Fixed Confidence Best Arm Identification in the Bayesian Setting
This work addresses the problem of efficiently identifying the best arm in Bayesian bandits for researchers and practitioners, representing an incremental improvement by adapting existing methods to a new setting.
The paper tackles the fixed-confidence best arm identification problem in the Bayesian setting, showing that traditional frequentist algorithms like track-and-stop are arbitrarily suboptimal and introducing a variant of successive elimination that matches a derived lower bound up to a logarithmic factor, with simulations verifying these results.

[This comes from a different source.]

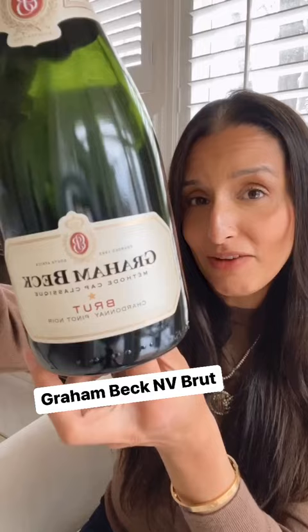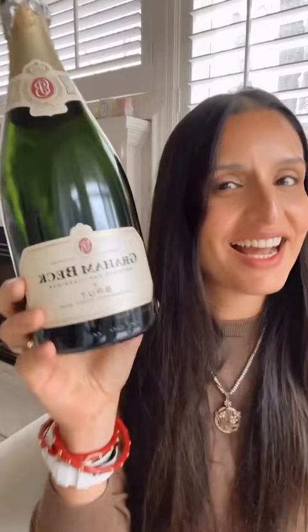I promised that in a second video I would show you a Cap Classique that I personally really enjoy, and this is it. This is pretty widely available — it's made by Graham Beck, which is one of the largest producers of Cap Classique coming out of South Africa. This is a traditional method sparkling wine, made in the same way that Champagne is.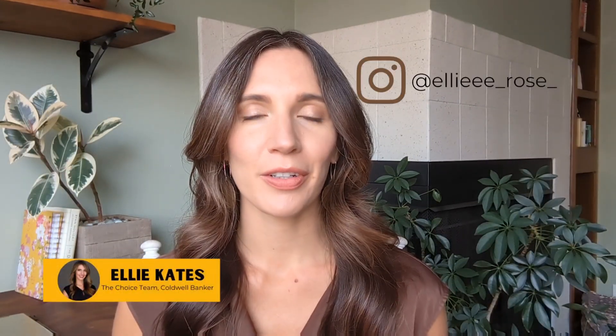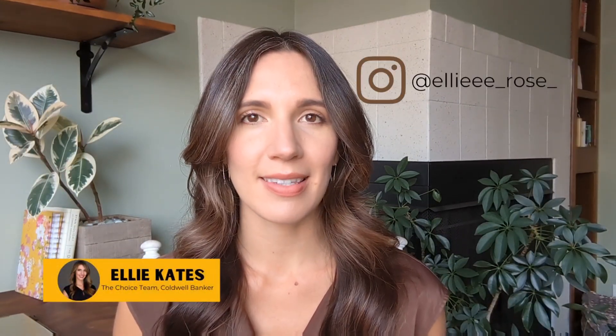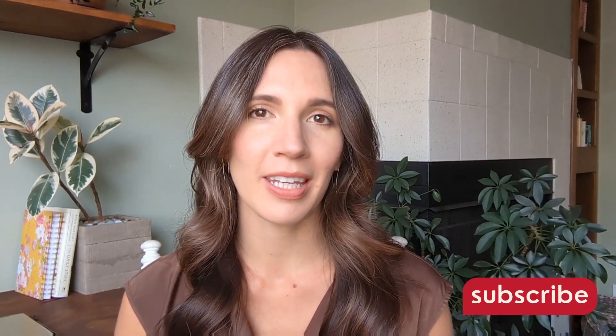My name is Ellie and I've been a realtor in northern Colorado since 2016. I've helped a ton of first-time home buyers, and if you find any value in this video, please give me a thumbs up or subscribe to my channel if you want to keep up with Colorado real estate and lifestyle.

We consider the fixed-confidence best arm identification (FC-BAI) problem in the Bayesian setting. This problem aims to find the arm of the largest mean with a fixed confidence level when the bandit model has been sampled from the known prior. Most studies on the FC-BAI problem have been conducted in the frequentist setting, where the bandit model is predetermined before the game starts. We show that the traditional FC-BAI algorithms studied in the frequentist setting, such as track-and-stop and top-two algorithms, result in arbitrarily suboptimal performances in the Bayesian setting. We also obtain a lower bound of the expected number of samples in the Bayesian setting and introduce a variant of successive elimination that has a matching performance with the lower bound up to a logarithmic factor. Simulations verify the theoretical results.